I plan on being there doing the best that I can do. I just want to be there and do well.

Your ranking has dropped because of your absence. How much of a climb back is it? And is that your ambition, to be No. 1 again?

My goal is to do well right now at the Rogers Cup and Grand Slams and pretty much every tournament I play in. If that means I'll get back [to No. 1], that would be a bonus. My goal is to do the right thing on the court and just do the best that I can to win.

How confident are you that you will be in top shape by the U.S. Open?

I think with me playing Toronto and playing Cincinnati and other tournaments, that's more than I usually play. So I think it will definitely prepare me to be really fit going into the Open.

How has spirituality helped you heal and prepare for your upcoming matches?

It's really important for me to rely on prayer. Mentally, when you're going through things and also when you're not going through things' I think that's important, too. It's kind of like, if you have a friend, you only ask them when you're down if you need something. It's even more important for me to realize that I gotta continue that, regardless to how I'm feeling. That's what I've learned most.

Based on how you performed at Eastbourne and Wimbledon, what is the state of your game heading into Toronto?
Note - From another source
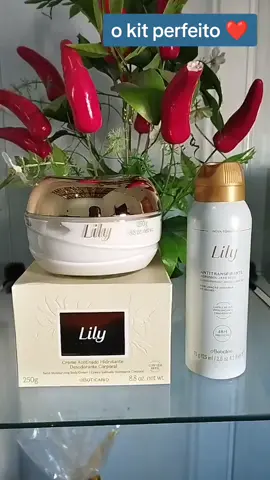 Hidratante e antitranspirante LILY 💜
I did a solid job and now I've just been working on things. After Wimbledon, I worked on a few things I knew I needed to work on and, hopefully, when I get to play in the Rogers Cup that the results will show. I hate losing. But also, when you lose, it gives you more motivation and makes you better.

With Li Na is performing so well, Petra Kvitova winning Wimbledon, the re-emergence of Maria Sharapova and, of course, you and Venus returning, how does that set things up at the top of the table in women's tennis?
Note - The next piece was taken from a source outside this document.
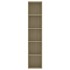 Estantería madera contrachapada color roble 40x30x189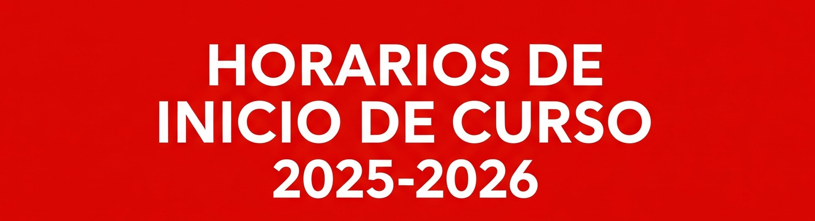 Inicio de curso 2025-26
It's rough when you're with a lot of new players out there and a lot of experienced players like Li Na, who's finally doing really well. And that's good. Venus and I are definitely going to try to cause a stir and just play our game [and] do the best we can and win, win, win, no matter what.
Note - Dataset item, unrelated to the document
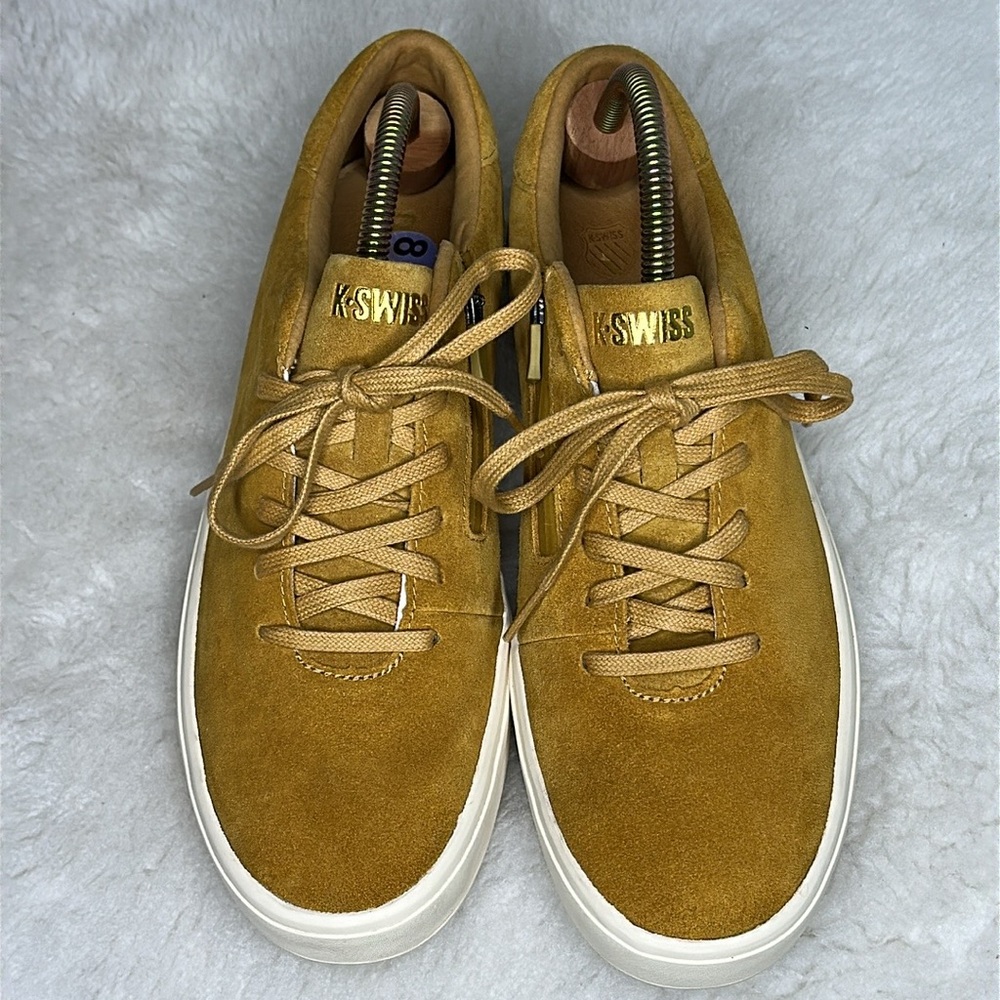 MEN’s K-Swiss Court Pro Startup Low  Sneakers/Shoes, Gold Color Size 7.5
How does an event like Toronto help you in that regard, considering it has so many top palyer in the field?

We just like playing in the Rogers Cup … I think it'll be a special time because you guys are getting a sneak preview of what the Open's going to be like.

How do you like competing in Canada?

I like competing in Canada, especially in Toronto. I've done well there.

Are playing in the 2012 London Olympics?

I'm hoping I can get there. The way I'm ranked now, I'll have to put in a lot of good work. So we'll see. I think I deserve it, though [laughs].

Will you play doubes to improve match play before or at the U.S. Open?

I'll have to talk to my doubles partner and see how she is doing. I wanted to play doubles at Wimbledon. But I would have never survived, so I'm glad we decided not to. And we did have thoughts of playing doubles in the summer. We're kind of playing it by ear. I would love to play doubles. I love playing in Team Tennis. I feel like I'm back to my old doubles game, which is an excellent one. We'll see.

CBC Sports will broadcast the semifinals and championship final of the Rogers Cup on Aug. 13 and 14, respectively.